The actual loss can be verified, however, if the insurer bears the fixed monitoring cost y. Conditional on the agent suffering some loss, the actual magnitude of that loss is denoted as x and is distributed on [,!,x] according to the probability density function g.

Costly state falsification

The model presented in this section is taken from Crocker and Morgan (1998). We consider an environment in which agents possess the utility function U(ll?, where ~ denotes their wealth in state i. As before, all agents have the same utility function U and initial wealth W, and may suffer the financial loss x = E [!,x], the magnitude of which is assumed to be private intonations to the individual suffering the loss.

In this setting, agents can generate an observed claim, denoted y, which may differ from their actual loss suffered, x. We will refer to the difference between the insured’s actual loss and that observed by the insurer, I x – y I , as claims falsification. In order to generate a falsified claim, the insured individual must incur the falsification cost g(x – y), which is assumed to be an increasing function of the amount of falsification.

Bodily injury liability insurance claims

This section of the paper analyzes data on individual insurance claims to ascertain the extent to which actual insurance settlements conform to the predictions of the theoretical models.
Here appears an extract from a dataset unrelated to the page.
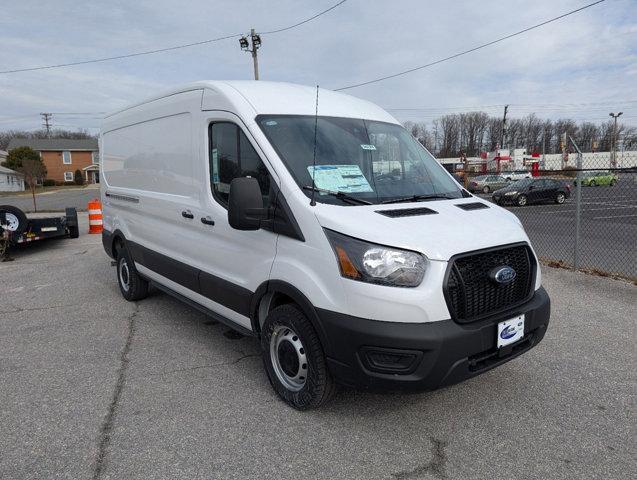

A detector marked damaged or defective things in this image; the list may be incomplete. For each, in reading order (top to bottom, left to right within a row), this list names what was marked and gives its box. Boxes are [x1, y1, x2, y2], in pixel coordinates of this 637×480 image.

cracked asphalt [0, 215, 632, 480]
The data we employ are drawn from a large set of individual claims involving compensation for injuries suffered in automobile accidents. These data are obtained from a study conducted by the Insurance Research Council (IRC), an insurance research and advisory group.

Last word

This study collected data on automobile injury claims settled by 34 insurance companies between May and September of 1987, and includes data from accidents that occurred in all 50 states and the District of Columbia. These data are described in detail by Crocker and Tennyson (1997).